Input records —
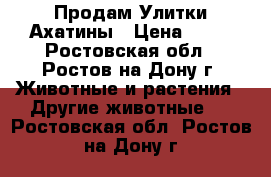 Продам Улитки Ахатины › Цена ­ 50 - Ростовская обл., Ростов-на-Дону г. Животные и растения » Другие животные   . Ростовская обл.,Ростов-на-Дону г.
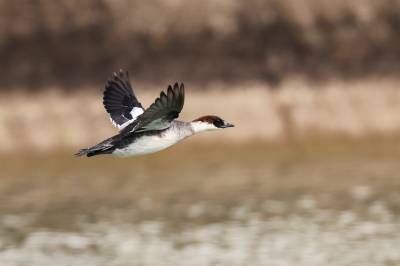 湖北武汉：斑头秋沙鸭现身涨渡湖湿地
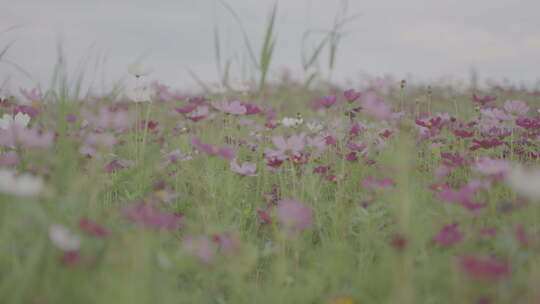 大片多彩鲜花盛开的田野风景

==

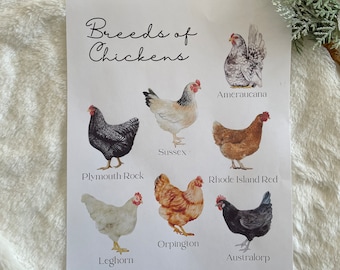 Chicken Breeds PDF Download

The task —
Please output the lines above beginning at the line with "Продам Улитки Ахатины" and ending after the line with "大片多彩鲜花盛开的田野风景", precisely as written and with no pictures.

Exercise output —
 Продам Улитки Ахатины › Цена ­ 50 - Ростовская обл., Ростов-на-Дону г. Животные и растения » Другие животные   . Ростовская обл.,Ростов-на-Дону г.
 湖北武汉：斑头秋沙鸭现身涨渡湖湿地
 大片多彩鲜花盛开的田野风景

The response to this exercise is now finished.